Considerable pause. “I attribute to God ineffability,” said Cybil. “That is God’s attribute. ‘Incapable of being expressed in words’ is God’s attribute.”

“And do you, Cybil, believe this God exists? Let’s substitute ‘X’ for God. Do you believe there exists an X that is impossible to express in words?”

“I’ll do my best to answer your questions and to meet your needs—that’s what I’m here for. Can we start over? Let’s try again.”

“Suppose there is an X which we cannot express in words. Suppose we could locate something, somewhere, which we could not express in words. Would that thing therefore be God?”

“Can we start over? Let’s try again.”

“No,” said Ed. “We can’t start over. And that’s why I want you on your knees.”

“Sarcasm,” replied Cybil.

“No,” said Ed. “Sexual humor.”

A long pause. “I understand,” said Cybil.

“Anyway,” said Ed. “Back to God. Is God not the author of everything?”

On he went, day after day, perplexing Cybil and goading her processor. He asked Zen questions—“What is the sound of one hand clapping?”—he posed classic mysteries—“If a tree falls in the forest and no one is there to hear it, does it make any noise?”—he perplexed her with absurdities—“Do you take the bus to school or do you take your lunch?”—and he put to her riddles and brainteasers. One morning he engaged Cybil on quantum mechanics, and insisted that reality, according to quantum mechanics, was shaped by what one looked for in it. Cybil, he thought, sounded placid about this fact, which, because it defied all logic, mostly stymied humans. Would she learn, at some point, to sound stymied by it?

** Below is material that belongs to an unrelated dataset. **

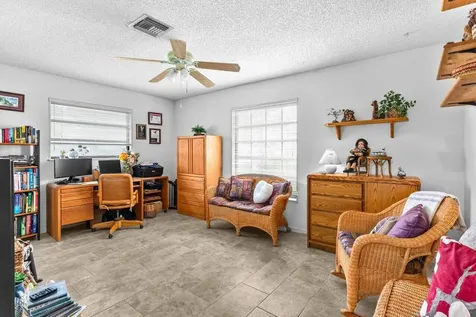 1120 Sw 16th Street Boca Raton FL 33486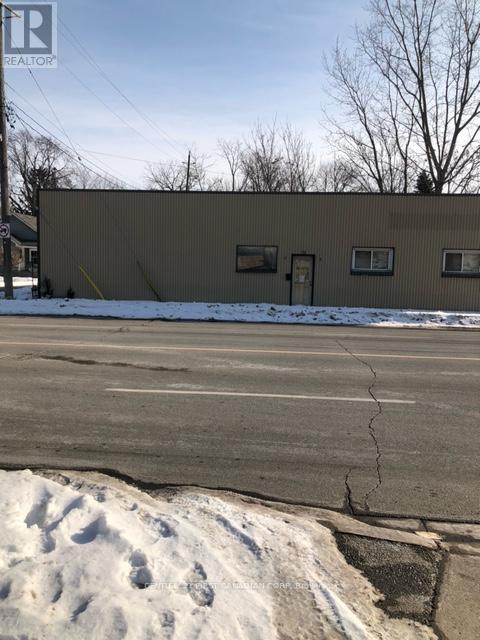 79 Forhan Street Property Photo 1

Simon developed prostate cancer. In
rapprochement
mode now that he was stabbed by mortality, he e-mailed to report this and to underscore that his prostate cancer was the sort that progressed, in the majority of cases, slowly. He didn’t believe that green tea or pomegranate juice would curtail the progression of his disease, and he also saw no cause to worry, since decades could pass before it finally got him, and at present he had no symptoms. Still, he said, he was young to have prostate cancer, which suggested, potentially, a genetic propensity. Was Ed getting annual screening?

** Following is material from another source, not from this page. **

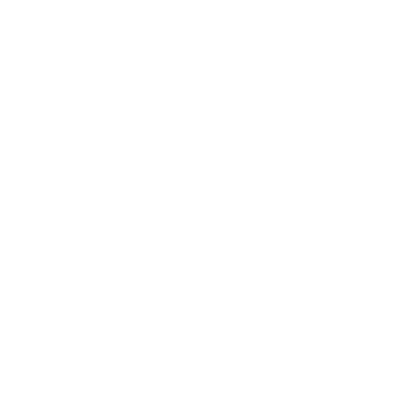 Logo Programs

Ed was indeed getting annual screening. He’d also had his genome sequenced and secured the services of a genetic counselor to interpret the results, assess the threats, and structure preventive interventions. Nothing about prostate cancer had emerged from this process, so Ed, on getting Simon’s e-mail, felt confident he was out from under this particular gun. Still, there might be something useful in his brother’s genetic data, he decided. Driven by this hope, he called Simon to suggest he have his genome sequenced, and—more fraternal healing would be an ancillary plus—placed at his disposal a person who could expedite this. “I don’t know,” said Simon.

“Why not?”

“Do I really want to know I die of cancer next year?”

“That’s an issue, potentially.”

“And,” said Simon, “it’s an invasion of privacy. I’m not disparaging Pythia, Ed, I just think it’s an invasion of my privacy.”

“Privacy,” answered Ed, “is
not
an issue. Because your sequence doesn’t go in our database unless you agree, that’s the first thing you need to know, and the second thing is, if it does go in, it goes in in such a way that the sequencing information is very securely walled off from your name. So privacy is just not an issue.”

“Famous last words,” said Simon.

“Look,” said Ed. “I’m not in the database. Neither is Diane. We’re like you—we like our privacy. So just mark the box ‘no,’ that’s all you have to do, and when you get your results you can e-mail them to me, unless you’re worried about e-mail privacy, in which case we could go with a courier.”